Question

If the value of $\cos x = \dfrac{1}{2}$ and $\tan B = \dfrac{1}{{\sqrt 3 }}$ , Find $\sin \left( {x + B} \right)$.

Answer 1

Hint: To solve this type of question we must know the concept of trigonometry, its properties and its ratios. Here, firstly we find the value of x as we know that cos ${60^ \circ }$ =$\dfrac{1}{2}$. Similarly, we find the value of B. Thus we find the value of $\sin \left( {x + B} \right)$.
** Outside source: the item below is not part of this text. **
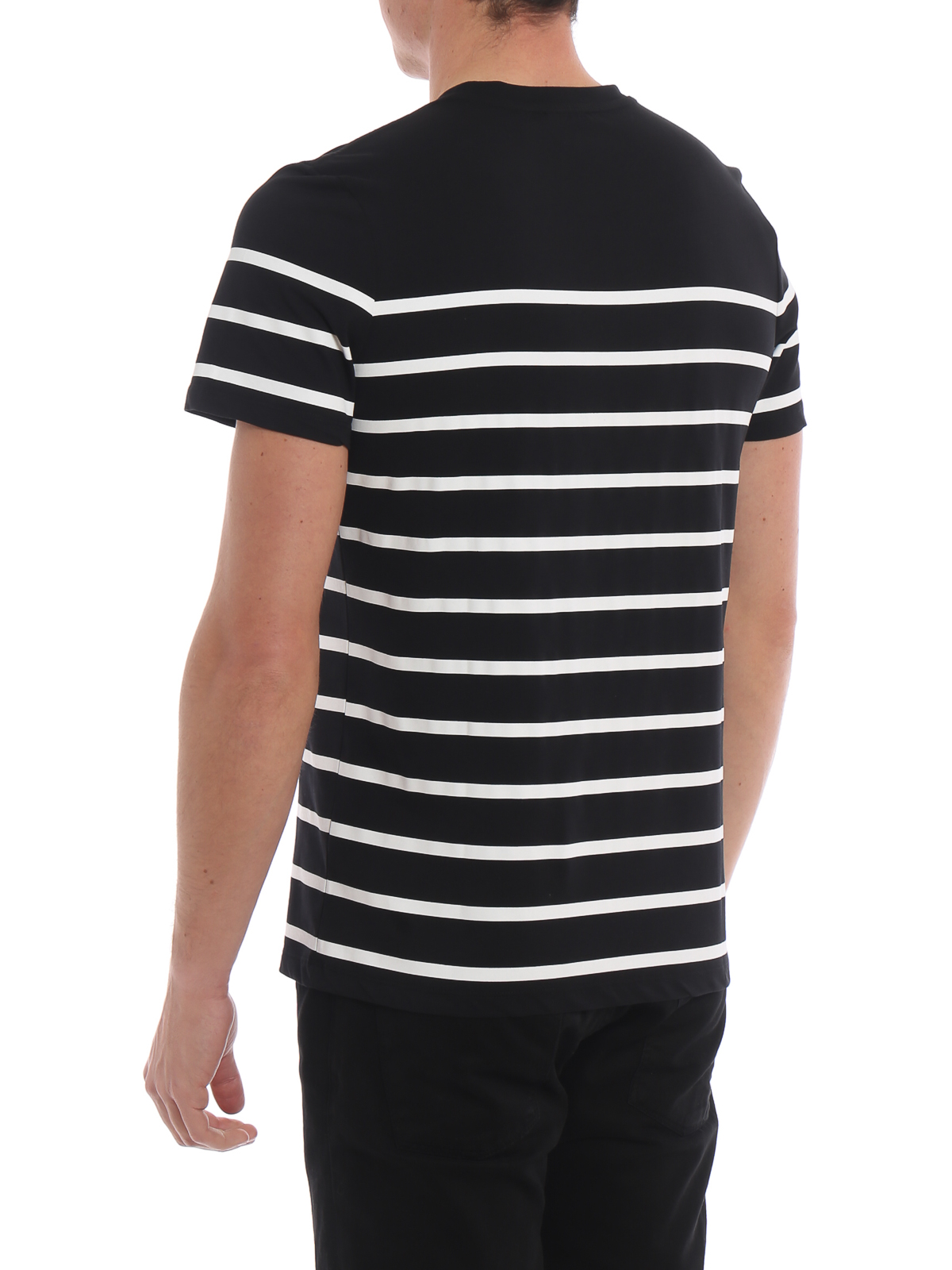BALMAIN - oritaBALMAIN ストライプTシャツ Balmain Striped Balmain print slim T-shirt - Black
Complete Step-by-Step solution:
Here we are given with $\cos x = \dfrac{1}{2}$
But we know that $\cos {60^ \circ } = \dfrac{1}{2}$
So we get x= ${60^ \circ }$
Also we are given that $\tan B = \dfrac{1}{{\sqrt 3 }}$
But we know that $\tan {30^ \circ } = \dfrac{1}{{\sqrt 3 }}$
So we get B = ${30^ \circ }$
$\sin \left( {x + B} \right) = \sin \left( {{{60}^ \circ } + {{30}^ \circ }} \right)$
$\Rightarrow$ $\sin {90^ \circ }$
And as per trigonometric ratio of sin ${90^ \circ }$ = 1 , so we will get ${90^ \circ }$
Therefore, $\sin \left( {x + B} \right) = 1$

Note: To solve this question we must know all the six trigonometric functions and those are sine function, tangent function, cosecant function, cotangent function, cosine function, secant function. Trigonometry has degrees like ${0^ \circ }, {30^ \circ }, {45^ \circ }, {60^ \circ }, {90^ \circ }$ which has their own varied values which are useful to solve this type of question.